Beweise es mit vollst. Induktion über n.
\(\prod \limits_{k=1}^{n}\left(1+x_{k}\right)>1+\sum \limits_{k=1}^{n} x_{k} \)
Anfang mit n=2 .
\(\prod \limits_{k=1}^{2}\left(1+x_{k}\right) = \left(1+x_{1}\right)\cdot\left(1+x_{2}\right)\)
\( = 1+ x_{1} + x_{2} + x_{1} \cdot x_{2} >1+x_{1}+x_{2} = 1+\sum \limits_{k=1}^{2} x_{k} \)
weil die x'e alle positiv sind.
Ind.schritt: Es gelte für n dann hat man
\(\prod \limits_{k=1}^{n+1}\left(1+x_{k}\right)= \left(1+x_{k+1}\right)\cdot\prod \limits_{k=1}^{n}\left(1+x_{k}\right) \)
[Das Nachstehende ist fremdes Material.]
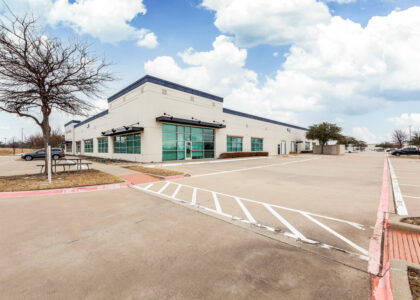 6700 Pinecrest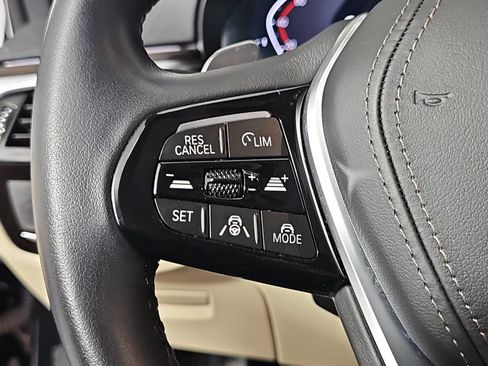 Used 2022 BMW 530i RWD image 17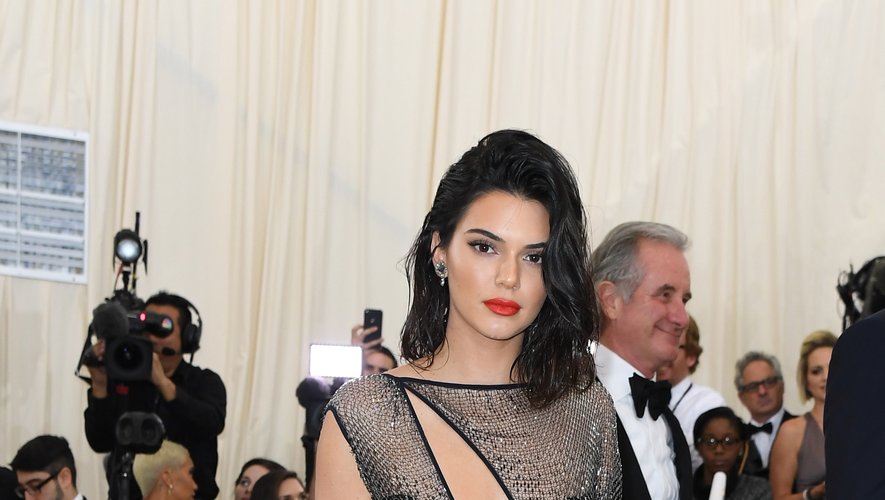 L'audacieuse Kendall Jenner n'a pas hésité à fouler le tapis rouge le plus en vue de New York dans une robe semi-transparente rehaussée d'une multitude de sequins signée La Perla. New York, le 1er mai 2017.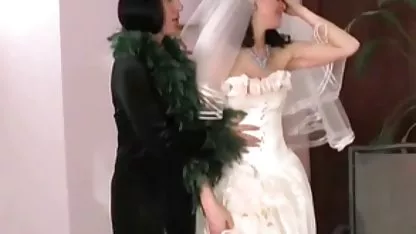 Guru seksi remaja muda bokep xxx artis indo siap untuk menunjukkan pukas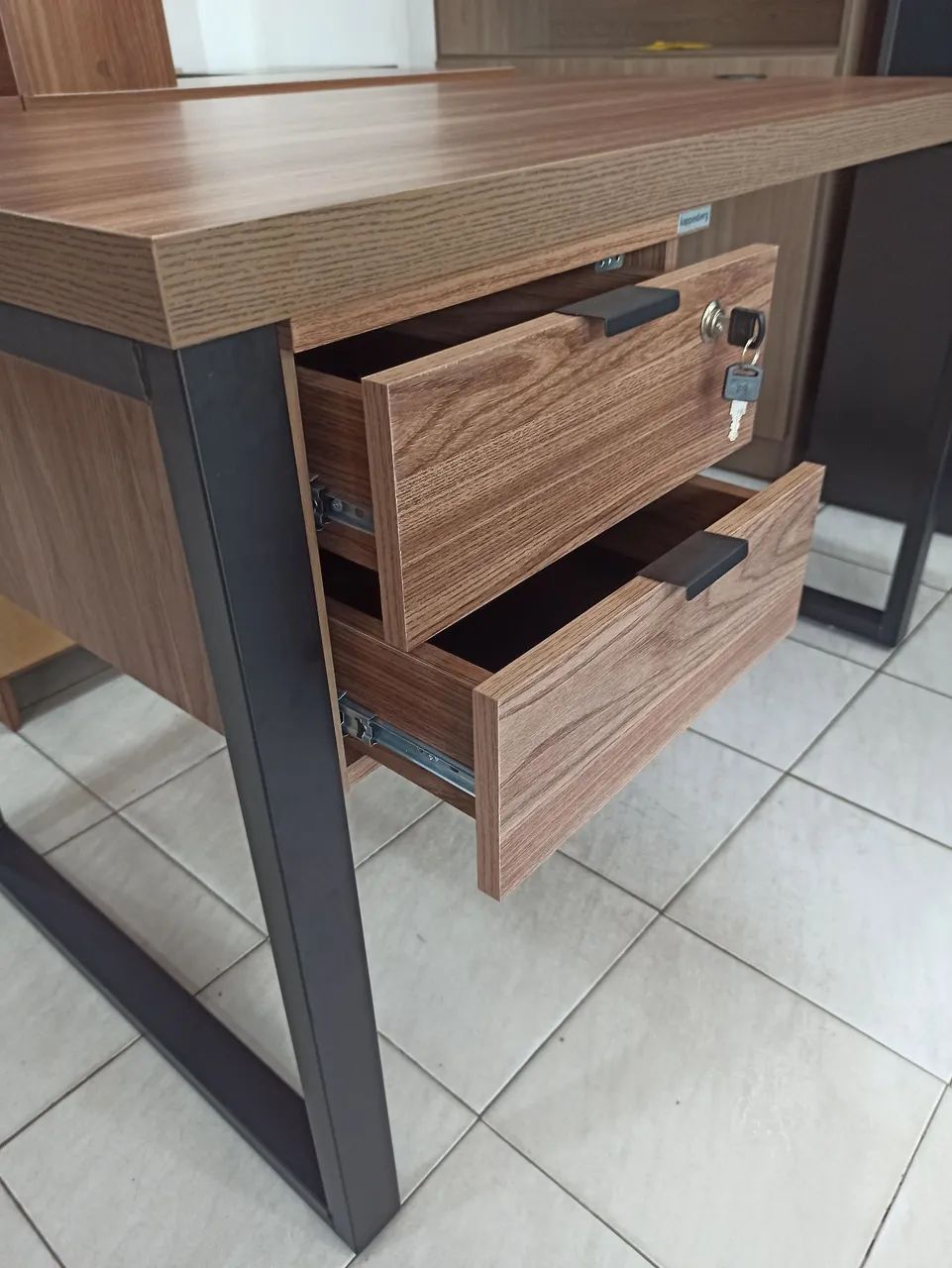 Mesa de 1.20m com 2 gavetas  - Foto 4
\( = \prod \limits_{k=1}^{n}\left(1+x_{k}\right) + x_{k+1}\cdot \prod \limits_{k=1}^{n}\left(1+x_{k}\right) \)
\( > 1+\sum \limits_{k=1}^{n} x_{k} + x_{k+1}\cdot ( 1+\sum \limits_{k=1}^{n} x_{k} ) \)
\( = 1+\sum \limits_{k=1}^{n} x_{k} + x_{k+1} + x_{k+1}\cdot \sum \limits_{k=1}^{n} x_{k} \)
\( = 1+\sum \limits_{k=1}^{n+1} x_{k} + x_{k+1}\cdot \sum \limits_{k=1}^{n} x_{k} \)
Und weil \( x_{k+1}\cdot \sum \limits_{k=1}^{n} x_{k} \) jedenfalls positiv ist, gilt auch
\( > 1+\sum \limits_{k=1}^{n+1} x_{k} \) q.e.d.